Bir akşam Kerem ve karısı İnci, Demir, Karan ve Miray akşam yemeği ve biraz da eğlence için dışarı çıkmışlardı. Küçük Kerim de yine arkadaşında kalıyordu. Her kesin tek bir amacı vardı eğlenmek. Kerem çok önemli bir anlaşmayı imzalamıştı hatta bir gece önce toplantı için gittiği Kıbrıs tan geri gelmişti. Demir yeni bir davasını kazanmış ve Karan ile Miray da işinde çok başarılıydı. Bir grup arkadaş ve hepsi birbirinden başarışlıydı yani. Ve işte kutlama zamanıydı.
Masadaki iki kadında şahane gözüküyordu bu gece. İnci üzerine üç renkli bir elbise giymeyi tercih etmişti. Mavi, sütlü kahve ve toprak rengi. Yuvarlak yakası ve uzun kolları tam dizlerinin hizasında olan ve genç kadının tüm güzelliğini gözler önüne seren bol kesim bir elbise ile boy gösteriyordu. Kocasının haran bakışları ile daha da şahane gözüküyordu genç kadın çünkü kocasının bakışlarından dolayı yanakları al al olmuştu. Kulaklarında da adı gibi küçük inci küpeler yer alıyordu.
Miray da elbise tercih etmişti haliyle. Sonuçta lüks bir restoranda kutlama yemeğiydi. Yengesi gibi uzun kolu ve dizlerinin biraz üstünde biten bir elbise tercih etmişti. Ama onun elbisesi göğüslerinin arasına inen bir v yakaya sahipti. Siyah ve koyu gümüş renginde çizgiler ile desen verilmişti elbiseye. Aksesuar olarak da kalın bir siyah kemer elbiseyi tamamlıyordu.
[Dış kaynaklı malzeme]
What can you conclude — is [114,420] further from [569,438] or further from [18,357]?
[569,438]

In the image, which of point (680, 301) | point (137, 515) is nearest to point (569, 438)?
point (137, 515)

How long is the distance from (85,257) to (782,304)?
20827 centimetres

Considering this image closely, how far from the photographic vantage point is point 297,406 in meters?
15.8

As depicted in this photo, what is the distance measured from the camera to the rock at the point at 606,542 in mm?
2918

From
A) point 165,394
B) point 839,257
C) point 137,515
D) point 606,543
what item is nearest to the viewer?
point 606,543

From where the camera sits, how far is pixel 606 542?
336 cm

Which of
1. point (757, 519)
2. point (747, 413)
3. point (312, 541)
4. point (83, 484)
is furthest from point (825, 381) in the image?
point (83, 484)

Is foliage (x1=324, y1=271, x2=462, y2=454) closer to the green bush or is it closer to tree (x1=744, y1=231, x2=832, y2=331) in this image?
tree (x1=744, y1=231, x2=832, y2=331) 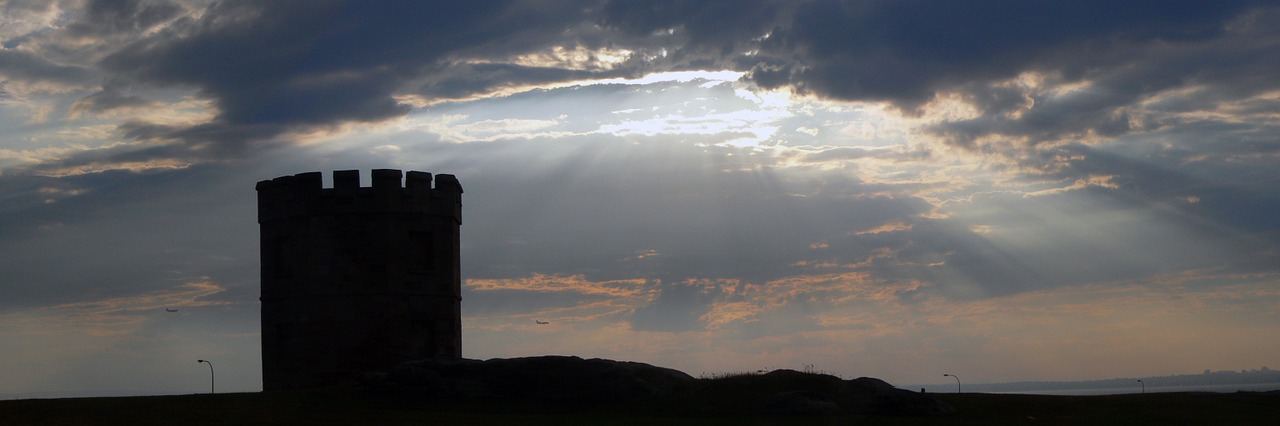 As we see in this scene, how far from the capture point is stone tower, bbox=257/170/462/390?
121 feet

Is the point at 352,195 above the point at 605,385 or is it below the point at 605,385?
above

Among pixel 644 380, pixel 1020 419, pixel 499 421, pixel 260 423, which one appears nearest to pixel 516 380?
pixel 644 380

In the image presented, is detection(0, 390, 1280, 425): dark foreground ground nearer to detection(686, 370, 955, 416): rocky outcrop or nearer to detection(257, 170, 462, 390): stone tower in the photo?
detection(686, 370, 955, 416): rocky outcrop

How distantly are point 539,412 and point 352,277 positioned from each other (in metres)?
10.9

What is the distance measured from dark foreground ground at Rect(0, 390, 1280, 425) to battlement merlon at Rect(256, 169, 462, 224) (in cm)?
819

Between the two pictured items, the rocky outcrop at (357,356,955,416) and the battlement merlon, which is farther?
the battlement merlon

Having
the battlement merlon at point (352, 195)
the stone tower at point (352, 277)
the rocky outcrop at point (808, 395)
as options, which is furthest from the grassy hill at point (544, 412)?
the battlement merlon at point (352, 195)

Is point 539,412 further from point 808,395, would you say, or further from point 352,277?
point 352,277

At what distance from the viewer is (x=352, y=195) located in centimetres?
3734

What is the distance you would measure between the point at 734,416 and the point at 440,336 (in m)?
14.4

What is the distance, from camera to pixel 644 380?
31.7 m

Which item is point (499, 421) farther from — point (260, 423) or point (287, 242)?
point (287, 242)

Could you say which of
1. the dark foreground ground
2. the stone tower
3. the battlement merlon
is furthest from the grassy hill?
the battlement merlon

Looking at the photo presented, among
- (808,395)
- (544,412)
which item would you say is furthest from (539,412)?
(808,395) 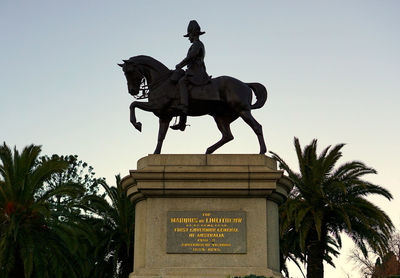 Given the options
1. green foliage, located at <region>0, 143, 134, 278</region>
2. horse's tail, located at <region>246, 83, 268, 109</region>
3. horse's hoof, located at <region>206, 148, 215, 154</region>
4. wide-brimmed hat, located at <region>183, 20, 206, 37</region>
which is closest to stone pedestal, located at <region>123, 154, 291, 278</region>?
horse's hoof, located at <region>206, 148, 215, 154</region>

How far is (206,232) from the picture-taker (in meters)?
13.5

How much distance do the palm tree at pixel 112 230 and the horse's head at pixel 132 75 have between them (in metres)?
14.4

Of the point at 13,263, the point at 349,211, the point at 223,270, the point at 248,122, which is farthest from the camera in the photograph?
the point at 349,211

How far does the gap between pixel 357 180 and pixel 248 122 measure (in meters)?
15.0

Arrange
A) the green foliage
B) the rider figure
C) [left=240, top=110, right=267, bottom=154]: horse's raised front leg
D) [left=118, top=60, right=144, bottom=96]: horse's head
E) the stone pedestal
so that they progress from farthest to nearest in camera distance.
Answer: the green foliage < [left=118, top=60, right=144, bottom=96]: horse's head < [left=240, top=110, right=267, bottom=154]: horse's raised front leg < the rider figure < the stone pedestal

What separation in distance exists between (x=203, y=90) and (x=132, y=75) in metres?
1.66

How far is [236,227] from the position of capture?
1355 cm

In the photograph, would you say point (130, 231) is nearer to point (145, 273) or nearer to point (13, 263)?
point (13, 263)

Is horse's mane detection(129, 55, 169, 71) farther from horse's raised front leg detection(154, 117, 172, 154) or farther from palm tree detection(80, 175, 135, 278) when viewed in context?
palm tree detection(80, 175, 135, 278)

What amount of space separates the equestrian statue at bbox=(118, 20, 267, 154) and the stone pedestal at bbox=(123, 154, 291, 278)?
3.32 ft

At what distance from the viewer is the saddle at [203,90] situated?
48.7 feet

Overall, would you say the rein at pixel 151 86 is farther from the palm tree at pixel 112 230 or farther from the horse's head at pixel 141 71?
the palm tree at pixel 112 230

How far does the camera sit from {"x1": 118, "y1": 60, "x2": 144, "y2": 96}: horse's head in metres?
15.2

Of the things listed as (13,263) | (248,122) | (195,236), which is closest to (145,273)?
(195,236) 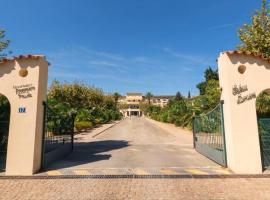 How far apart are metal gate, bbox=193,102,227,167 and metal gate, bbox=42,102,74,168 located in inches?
256

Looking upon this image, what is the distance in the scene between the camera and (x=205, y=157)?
10859 mm

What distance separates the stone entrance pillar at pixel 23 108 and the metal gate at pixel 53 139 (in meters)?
0.69

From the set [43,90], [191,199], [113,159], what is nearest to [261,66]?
[191,199]

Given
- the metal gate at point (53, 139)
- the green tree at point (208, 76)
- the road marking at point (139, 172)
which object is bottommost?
the road marking at point (139, 172)

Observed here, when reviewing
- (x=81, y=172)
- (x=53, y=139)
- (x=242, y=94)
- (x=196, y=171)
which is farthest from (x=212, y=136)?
(x=53, y=139)

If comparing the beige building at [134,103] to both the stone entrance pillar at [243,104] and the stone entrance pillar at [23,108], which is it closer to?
the stone entrance pillar at [243,104]

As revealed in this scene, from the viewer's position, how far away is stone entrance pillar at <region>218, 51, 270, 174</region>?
25.7ft

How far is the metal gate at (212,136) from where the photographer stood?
28.9 feet

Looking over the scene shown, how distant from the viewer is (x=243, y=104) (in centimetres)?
804

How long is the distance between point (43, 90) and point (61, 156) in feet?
13.1

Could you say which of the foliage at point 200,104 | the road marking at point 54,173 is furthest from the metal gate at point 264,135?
the road marking at point 54,173

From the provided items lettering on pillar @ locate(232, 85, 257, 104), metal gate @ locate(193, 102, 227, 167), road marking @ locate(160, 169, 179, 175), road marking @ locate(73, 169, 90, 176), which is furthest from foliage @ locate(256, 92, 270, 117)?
road marking @ locate(73, 169, 90, 176)

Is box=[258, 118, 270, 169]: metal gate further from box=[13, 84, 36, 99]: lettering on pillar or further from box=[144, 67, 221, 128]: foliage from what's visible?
box=[13, 84, 36, 99]: lettering on pillar

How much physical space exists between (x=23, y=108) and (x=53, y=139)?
4.21 m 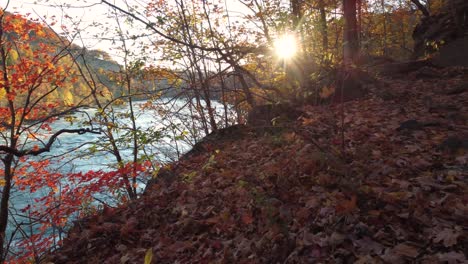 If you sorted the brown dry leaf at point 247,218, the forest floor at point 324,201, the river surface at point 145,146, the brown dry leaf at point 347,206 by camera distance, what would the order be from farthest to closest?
the river surface at point 145,146 → the brown dry leaf at point 247,218 → the brown dry leaf at point 347,206 → the forest floor at point 324,201

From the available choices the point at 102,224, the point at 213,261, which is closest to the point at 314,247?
the point at 213,261

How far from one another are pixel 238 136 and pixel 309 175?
411 centimetres

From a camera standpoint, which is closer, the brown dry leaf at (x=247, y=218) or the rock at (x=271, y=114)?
the brown dry leaf at (x=247, y=218)

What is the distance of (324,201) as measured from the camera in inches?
134

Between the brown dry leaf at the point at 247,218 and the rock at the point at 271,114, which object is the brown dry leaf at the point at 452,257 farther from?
the rock at the point at 271,114

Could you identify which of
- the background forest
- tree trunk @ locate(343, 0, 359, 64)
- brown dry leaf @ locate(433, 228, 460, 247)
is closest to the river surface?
the background forest

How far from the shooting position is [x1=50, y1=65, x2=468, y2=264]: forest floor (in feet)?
8.52

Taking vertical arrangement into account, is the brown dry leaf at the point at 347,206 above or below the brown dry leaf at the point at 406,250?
above

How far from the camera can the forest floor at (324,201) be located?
102 inches

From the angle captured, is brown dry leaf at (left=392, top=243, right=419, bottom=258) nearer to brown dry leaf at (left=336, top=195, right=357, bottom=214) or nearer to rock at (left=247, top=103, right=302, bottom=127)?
brown dry leaf at (left=336, top=195, right=357, bottom=214)

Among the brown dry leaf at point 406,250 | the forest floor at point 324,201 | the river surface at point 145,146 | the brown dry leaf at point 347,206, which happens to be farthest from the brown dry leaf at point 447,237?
the river surface at point 145,146

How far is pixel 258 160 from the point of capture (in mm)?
5719

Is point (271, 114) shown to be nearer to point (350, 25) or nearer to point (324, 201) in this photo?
point (350, 25)

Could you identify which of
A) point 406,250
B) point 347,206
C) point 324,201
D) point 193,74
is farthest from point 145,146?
point 406,250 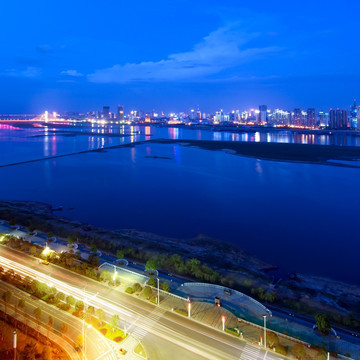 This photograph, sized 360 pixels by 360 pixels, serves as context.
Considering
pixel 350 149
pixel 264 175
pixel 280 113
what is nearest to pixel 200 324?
pixel 264 175

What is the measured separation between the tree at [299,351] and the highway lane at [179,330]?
0.16 m

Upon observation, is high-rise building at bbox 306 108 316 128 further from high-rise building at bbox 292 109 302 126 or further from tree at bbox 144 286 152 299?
tree at bbox 144 286 152 299

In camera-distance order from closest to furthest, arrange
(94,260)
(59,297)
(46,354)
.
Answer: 1. (46,354)
2. (59,297)
3. (94,260)

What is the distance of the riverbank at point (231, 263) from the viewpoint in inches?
151

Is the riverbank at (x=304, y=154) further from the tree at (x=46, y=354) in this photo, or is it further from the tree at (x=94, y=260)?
the tree at (x=46, y=354)

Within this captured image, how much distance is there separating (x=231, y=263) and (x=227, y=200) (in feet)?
12.1

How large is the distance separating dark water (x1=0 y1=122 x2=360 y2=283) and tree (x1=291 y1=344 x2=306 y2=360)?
2230 mm

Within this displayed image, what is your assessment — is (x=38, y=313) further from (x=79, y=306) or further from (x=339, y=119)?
(x=339, y=119)

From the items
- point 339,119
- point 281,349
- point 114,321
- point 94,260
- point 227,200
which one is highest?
point 339,119

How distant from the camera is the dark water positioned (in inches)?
225

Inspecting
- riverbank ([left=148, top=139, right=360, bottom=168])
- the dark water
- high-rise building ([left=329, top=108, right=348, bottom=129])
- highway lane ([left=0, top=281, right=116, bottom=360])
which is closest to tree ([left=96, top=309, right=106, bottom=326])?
highway lane ([left=0, top=281, right=116, bottom=360])

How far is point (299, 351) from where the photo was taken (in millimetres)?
2727

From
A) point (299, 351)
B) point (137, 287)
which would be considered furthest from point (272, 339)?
point (137, 287)

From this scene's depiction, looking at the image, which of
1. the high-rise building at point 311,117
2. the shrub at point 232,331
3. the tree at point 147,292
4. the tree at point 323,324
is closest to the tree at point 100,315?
the tree at point 147,292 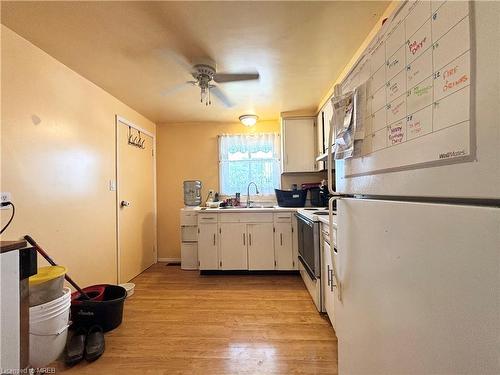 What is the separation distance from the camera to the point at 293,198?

Ama genç kadın ayrıca iki sıralı siyak inci boncuklardan oluşan uzun bir kolyede ilave etmişti elbisesinin üzerine.
Genç bayanlara eşlik eden üç erkekte bu gece ayrıca bir yakışıklıydı. Kerem ve Karan siyah takım elbiseden yanayken Demir gri takımı tercih etmişti. Kerem aslında tam olarak karalar içindeydi. Gözleği ve kravatı da siyah renkti. Demir ile Karan ise Beyza gömlek seçmişti. Ve onlarda biraz daha rahat haldeydiler çünkü kravatları yoktu. Daha doğrusu sonradan kravatları çıkarmayı tercih etmişlerdi ve masada koyabilecekleri tek yerde Miray’ın omuz çantası olmuştu.
Demir masanın üzerindeki kadehini eline aldı ve masanın ortasına uzatarak havaya kaldırdı. “Hepimizin aynı ana denk gelen başarısına.” Dedi. Ve diğerleri de kadehleri ile genç adama eşlik etti hiç vakit kaybetmeden.
Bu arada İnci’nin telefonuna bir mesaj geldi ve genç kadın telefonuna masa altından kimseyi rahatsız etmeden bakmayı seçti. Ekranda gördükleri karşısında da şok oldu. Elleri titremeye ve gözleri yaşarmaya başladı ama herkesin içinde tabi ki ağlamayacaktı.
Masada oturan arkadaşlarına ve yanında ki kocasına baktı ve sonra ayağa kalktı çok hafif sendeleyerek. Sonra da elindeki telefonun kocasının önüne koydu ve hemen çıkışa yöneldi hiçbir şey dememeyi başararak.
“İnci.” Dedi Kerem ne olduğunu anlayamadan karısının arkasından. Ve sonra telefonu eline aldı.
Miray da yerinden kalktı ve “Neler oluyor ağabey?” dedi endişe ile.
Kerem ne olduğunu anlamıştı ve kardeşine açıklamaya vakit kaybetmeden karısının peşinden koştu ama tam ona ulaşacakken genç kadın bir taksiye binerek gitti. Kerem de hemen arabasına yöneldi ve karı kocanın arkasında diğerleri de onları takibe başladı.
Kerem burnundan soluyordu ve İnci ise taksinin arkasında ağlıyordu. Demir, Miray ve Karan ise ne olduğunu bilemedikleri için endişeliydi. Ne zaman varıldığını hiç kimse anlamadı ama arabadan indiklerinde Emine Hanımın evindeydiler.
İnci taksiden inerek artık annesi gibi gördüğü kayın validesin yanına gitti ve kendisini yaşlı kadının kollarına attı.
“İnci….ne oldu kızım? Neden ağlıyorsun yavrum sorun ne?” yaşlı kadında endişelenmişti kollarında hıçkırıklar ile ağlayan gelinine sarılarak.